Once you’ve found the right exchange for you, you’ll need to set up an account. This process will vary from platform to platform, but usually only involves giving a few personal details to the service provider. 

You may also be required to verify your identity with the exchange platform. This might include submitting a photo of your driver’s licence or passport.

  1. Add funds to your account

You will need to link a bank account, or a debit/credit card in order to buy your ETH. If you already own crypto, you will also likely be able to trade your current crypto for ETH, depending on the currency you own and the exchange you are using. 

  1. Begin trading

Once your account is funded you will be able to purchase ETH and other cryptocurrencies via your chosen platform. Be aware that because of the decentralised nature of the currency, the price of ETH may vary somewhat between exchanges. Processing times may also vary. 

  1. Withdraw and store your ETH 

Once you have purchased your ETH, you will want to store it securely. You can do this in either a hot or a cold digital wallet. Centralised exchanges often offer to store your crypto for you.

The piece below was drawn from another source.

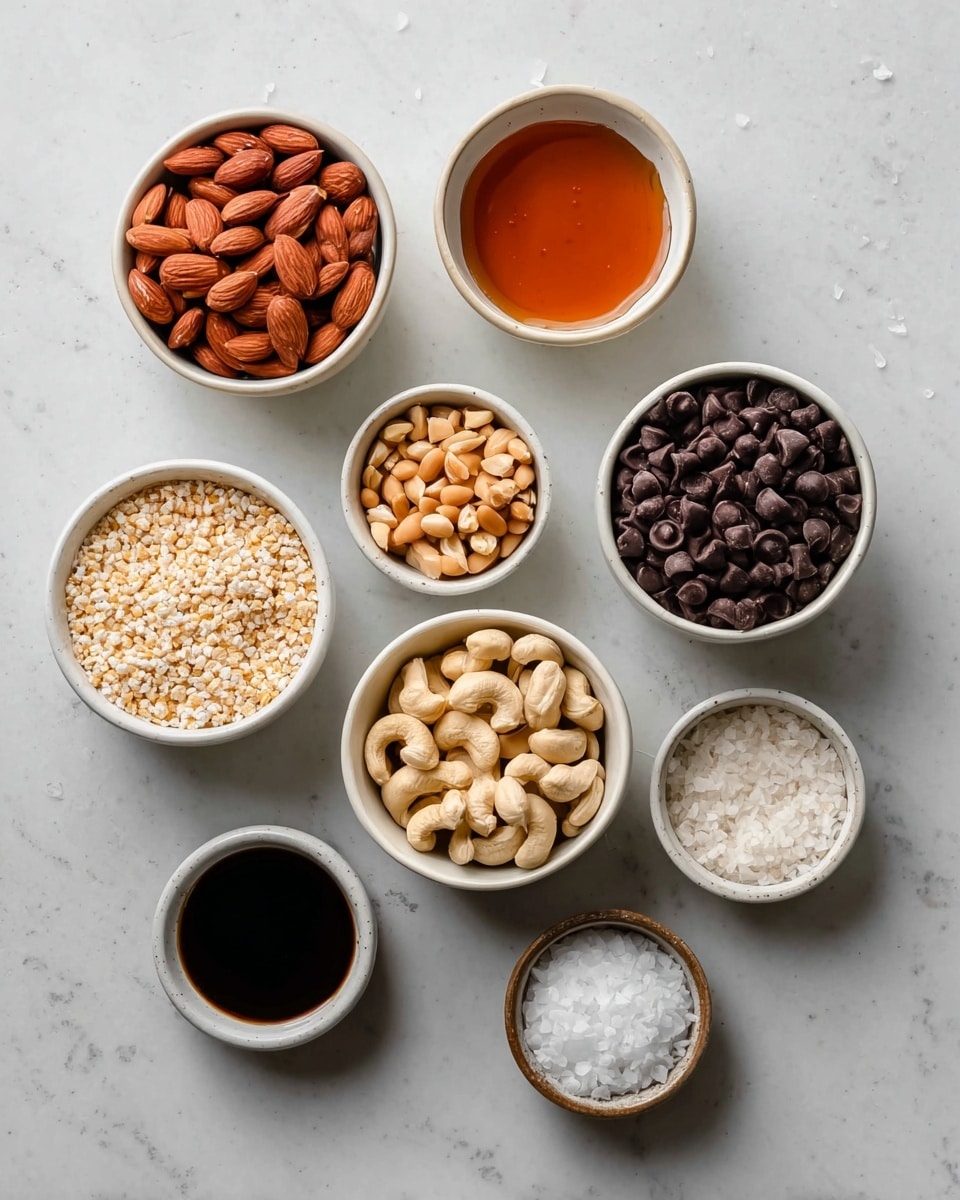 The image shows eight white bowls arranged on a white marbled surface. From the top left, the first bowl is filled with whole almonds that are reddish-brown and smooth. To its right, there is a bowl with thick amber honey that has a shiny texture. Below the almonds, a bowl contains small, light brown peanuts, and next to it, on the right, a bowl holds light beige cashew nuts with a slight curve. Below the peanuts, there is a bowl filled with puffed rice that is pale and textured. To the right of this, the largest bowl is filled with glossy dark brown chocolate chips. At the bottom right, the smallest bowl contains flaky white salt, and next to it, on the left, there is a small bowl with a dark brown liquid, likely vanilla extract. photo taken with an iphone --ar 4:5 --v 7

However, it’s a good idea to check the security of the platform in question before you decide whether or not you want to leave your money where it is. 

Is investing in Ethereum a good idea?

As mentioned earlier, ETH is, at the time of writing, currently booming across the crypto market. This is largely down to its necessity in the purchase of NFTs, it’s secure blockchain (and therefore more secure currency than most cryptos), and Ethereum’s role as a network hub for emerging markets. 

But does that necessarily make it a good investment? 

A potential downside to buying ETH and investing in the Ethereum blockchain could include it’s unlimited nature. Unlike BTC, ETH’s circulation limit is not capped. This means that it is still being produced, and this could, in theory, bring its value down, because it lacks scarcity. 

That being said, the uncapped nature of ETH is also a positive in some respects. Transactions come with practical utility, self-executing contracts and fast transaction times. ETH does not face the same constraints as Bitcoin or other limited currencies.

If you think that investing in Ethereum is right for you, it’s definitely worth considering the points outlined in this article, as well as doing your own research.